Les propos scandaleux de Riadh Jrad font polémique
L’autoproclamé porte-parole du régime et jeune propagandiste, Riadh Jrad n’était pas content après les décisions du Tribunal administratif rétablissant trois candidats à la présidentielle qui avaient été rejetés par l’instance électorale. Mécontent, il a qualifié de débiles les réactions de la scène politique et d’éminents experts et invoqué des rumeurs et des complots visant à manipuler l’opinion publique.
L’assemblée plénière du Tribunal administratif, composée de 27 juges, avait en effet statué en faveur de la réintégration à la course pour Carthage de Abdellatif El Mekki, Mondher Zenaidi et Imed Daimi.
Alors qu’il y a quelques jours, lorsque le tribunal avait débouté les recours des candidats en première instance, Riadh Jrad avait crié victoire, mais les décisions définitives ont poussé le jeune propagandiste à diffamer les juges et à mettre en doute leur indépendance.
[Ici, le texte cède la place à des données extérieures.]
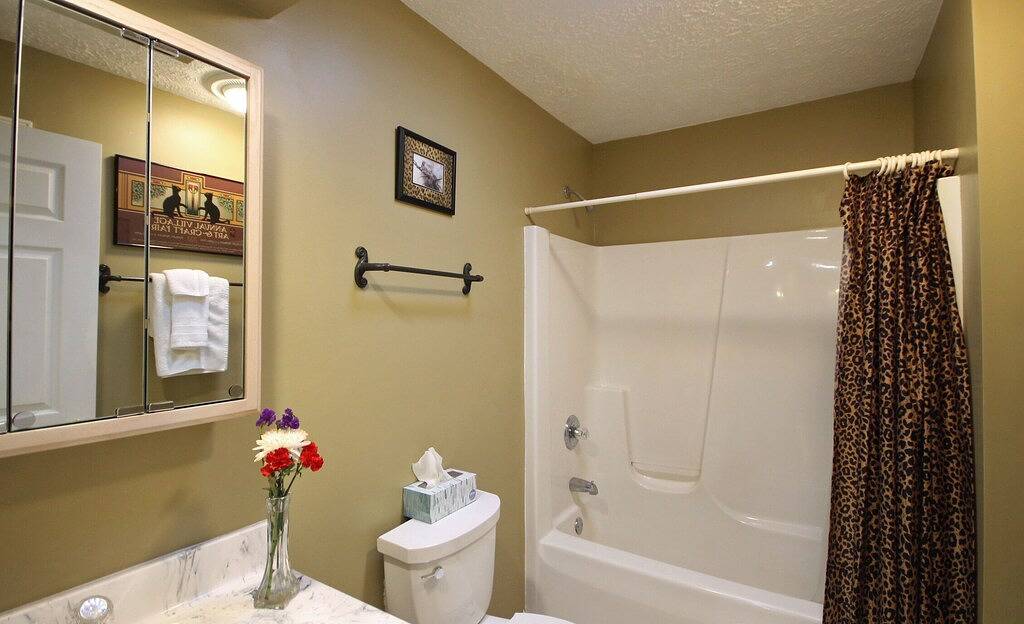 Vaquero Country Oasis in der Nähe von Brevard in Pisgah Forest, Transylvania County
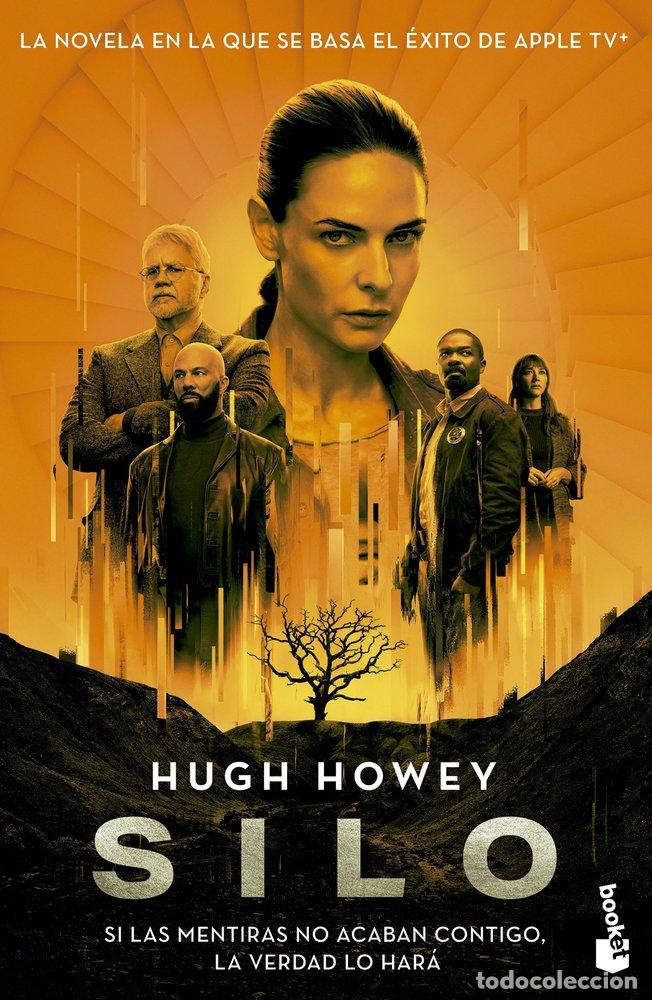 Libros: SILO 1 WOOL - HUGH HOWEY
Il s’est même permis de nommer quatre magistrats censés avoir siégé à l’assemblée en invoquant leurs liens avec des personnalités politiques de l’opposition ou leur engagement dans des associations.
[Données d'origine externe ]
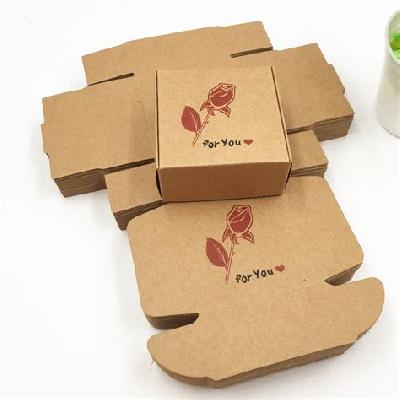 Handmade Gift Packaging Box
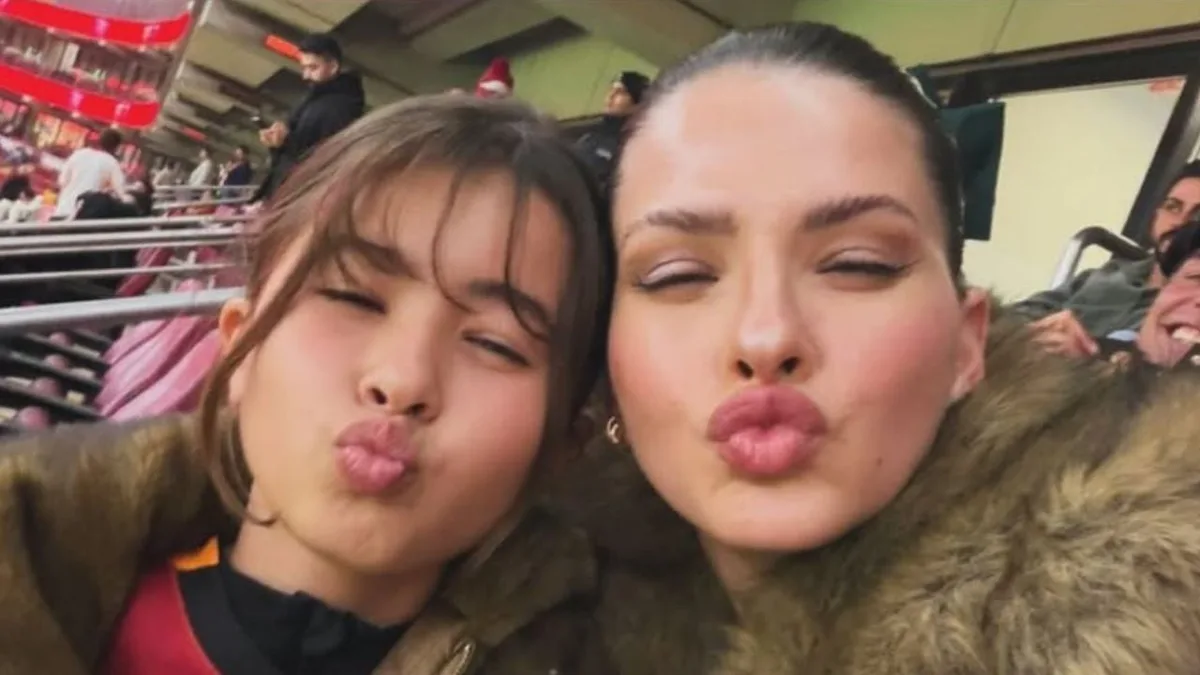 La China Suárez mostró su nuevo look junto a Rufina Cabré: la conexión estética madre e hija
Les propos de Riadh Jrad ont provoqué une grosse polémique. Suivi par des milliers d’internautes, il a jeté en pâture les magistrats et a tenté de discréditer la juridiction administrative avec ses insinuations. Sur la scène politique, plusieurs personnalités ont dénoncé des propos scandaleux et dangereux. Il est d’ailleurs question de plaintes pour diffamation.
L’ancien magistrat et secrétaire d’Etat, Abderazzek Ben Khelifa a tenu à démentir Riadh Jrad et à rétablir la vérité. Sur son compte, il révèle que les juges cités n’étaient même membres de l’assemblée qui avait statué sur les candidatures et que certains étaient en vacances à ce moment-là.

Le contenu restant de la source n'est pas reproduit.